How we cite our quotes:
All day long the blazing midsummer sun beat down upon that square mile of abominations: upon tens of thousands of cattle crowded into pens whose wooden floors stank and steamed contagion; upon bare, blistering, cinder-strewn railroad tracks, and huge blocks of dingy meat factories, whose labyrinthine passages defied a breath of fresh air to penetrate them; and there were not merely rivers of hot blood, and car-loads of moist flesh, and rendering vats and soap caldrons, glue factories and fertilizer tanks, that smelt like the craters of hell—there were also tons of garbage festering in the sun, and the greasy laundry of the workers hung out to dry, and dining rooms littered with food and black with flies, and toilet rooms that were open sewers. (26.46)
In the middle of the strike, the truly terrible hygiene of the slaughterhouses has gotten even worse, if that is possible to imagine. These kinds of descriptive passages are supposed to evoke the scene for you, to show you, through word pictures, just how awful the slaughterhouses really are. How effective is this imagery? What tone and style do you see at work in passages like these? What might Sinclair be trying to achieve with imagistic passages like this one?

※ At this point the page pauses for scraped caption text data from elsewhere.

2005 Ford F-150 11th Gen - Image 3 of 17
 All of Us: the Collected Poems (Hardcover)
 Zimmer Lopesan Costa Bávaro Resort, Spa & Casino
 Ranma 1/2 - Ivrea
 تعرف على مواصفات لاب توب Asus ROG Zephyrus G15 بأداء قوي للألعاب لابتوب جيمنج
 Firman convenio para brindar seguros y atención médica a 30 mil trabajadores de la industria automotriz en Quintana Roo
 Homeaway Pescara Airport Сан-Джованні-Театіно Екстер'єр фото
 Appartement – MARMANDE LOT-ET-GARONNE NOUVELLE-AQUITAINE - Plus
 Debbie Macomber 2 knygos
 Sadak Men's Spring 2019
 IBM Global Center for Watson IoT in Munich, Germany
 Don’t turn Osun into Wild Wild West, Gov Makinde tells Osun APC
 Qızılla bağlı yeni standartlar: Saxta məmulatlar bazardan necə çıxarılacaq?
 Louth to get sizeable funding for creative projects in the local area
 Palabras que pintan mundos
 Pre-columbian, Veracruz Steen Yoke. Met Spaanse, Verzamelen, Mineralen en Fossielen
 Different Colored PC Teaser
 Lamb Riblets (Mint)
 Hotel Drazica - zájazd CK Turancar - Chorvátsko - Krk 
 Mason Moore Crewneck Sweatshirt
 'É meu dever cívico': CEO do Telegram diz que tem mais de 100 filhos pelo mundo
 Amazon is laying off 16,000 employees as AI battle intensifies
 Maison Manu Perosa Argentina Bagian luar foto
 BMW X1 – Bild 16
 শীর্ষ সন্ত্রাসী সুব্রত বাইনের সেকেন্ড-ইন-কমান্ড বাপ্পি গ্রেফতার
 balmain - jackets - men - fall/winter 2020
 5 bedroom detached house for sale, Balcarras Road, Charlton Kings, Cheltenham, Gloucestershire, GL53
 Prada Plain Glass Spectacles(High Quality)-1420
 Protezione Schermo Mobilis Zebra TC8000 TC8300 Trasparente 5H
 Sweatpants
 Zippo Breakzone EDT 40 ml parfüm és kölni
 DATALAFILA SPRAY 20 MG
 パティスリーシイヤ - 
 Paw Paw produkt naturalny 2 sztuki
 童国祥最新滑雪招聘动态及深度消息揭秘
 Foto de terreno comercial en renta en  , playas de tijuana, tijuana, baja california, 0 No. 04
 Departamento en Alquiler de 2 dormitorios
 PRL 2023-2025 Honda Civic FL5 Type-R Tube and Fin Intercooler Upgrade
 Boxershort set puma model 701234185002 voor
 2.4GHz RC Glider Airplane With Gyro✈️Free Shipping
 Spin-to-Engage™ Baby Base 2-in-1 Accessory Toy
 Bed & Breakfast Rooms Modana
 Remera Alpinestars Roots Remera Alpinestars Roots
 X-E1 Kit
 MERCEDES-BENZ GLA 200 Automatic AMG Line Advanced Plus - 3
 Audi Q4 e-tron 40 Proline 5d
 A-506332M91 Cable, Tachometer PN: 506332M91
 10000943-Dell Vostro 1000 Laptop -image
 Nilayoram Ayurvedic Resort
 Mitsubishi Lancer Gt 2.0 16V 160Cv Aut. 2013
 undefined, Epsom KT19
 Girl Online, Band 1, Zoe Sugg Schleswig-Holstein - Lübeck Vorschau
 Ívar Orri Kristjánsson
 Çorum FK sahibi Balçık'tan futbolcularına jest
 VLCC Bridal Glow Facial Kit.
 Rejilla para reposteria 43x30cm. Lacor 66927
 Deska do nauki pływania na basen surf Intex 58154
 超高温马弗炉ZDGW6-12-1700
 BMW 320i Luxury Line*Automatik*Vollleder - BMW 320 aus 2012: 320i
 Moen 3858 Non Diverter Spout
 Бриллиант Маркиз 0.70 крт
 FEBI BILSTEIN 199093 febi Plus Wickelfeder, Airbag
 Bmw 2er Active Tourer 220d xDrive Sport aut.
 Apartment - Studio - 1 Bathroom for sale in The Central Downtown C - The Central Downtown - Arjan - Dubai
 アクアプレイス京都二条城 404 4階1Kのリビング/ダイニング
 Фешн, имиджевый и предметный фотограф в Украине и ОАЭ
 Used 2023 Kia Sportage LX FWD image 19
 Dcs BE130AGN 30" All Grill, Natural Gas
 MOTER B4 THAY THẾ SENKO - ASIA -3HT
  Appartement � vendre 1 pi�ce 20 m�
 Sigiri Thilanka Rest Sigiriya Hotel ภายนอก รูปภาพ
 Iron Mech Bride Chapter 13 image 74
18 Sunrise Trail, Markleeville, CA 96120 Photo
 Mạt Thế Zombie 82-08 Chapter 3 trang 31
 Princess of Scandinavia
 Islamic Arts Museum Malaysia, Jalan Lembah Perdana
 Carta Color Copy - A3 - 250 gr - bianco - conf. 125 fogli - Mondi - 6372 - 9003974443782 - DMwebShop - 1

"What," asks the prophet, "is the murder of them that kill the body, to the murder of them that kill the soul?" And Jurgis was a man whose soul had been murdered, who had ceased to hope and to struggle—who had made terms with degradation and despair; and now, suddenly, in one awful convulsion, the black and hideous fact was made plain to him! There was a falling in of all the pillars of his soul, the sky seemed to split above him—he stood there, with his clenched hands upraised, his eyes bloodshot, and the veins standing out purple in his face, roaring in the voice of a wild beast, frantic, incoherent, maniacal. And when he could shout no more he still stood there, gasping, and whispering hoarsely to himself: "By God! By God! By God!" (28.52)
Here it is, the moment that we have all been waiting for: Jurgis's conversion to socialism. The interesting thing about this revelation is that Jurgis still must cope with pain in his life, but he has now moved past "the degradation and despair" that has murdered his soul. The conditions of Jurgis's life are much the same as they always were, but his feeling about them has become entirely different. So suffering really does seem to be about your point of view, in this account.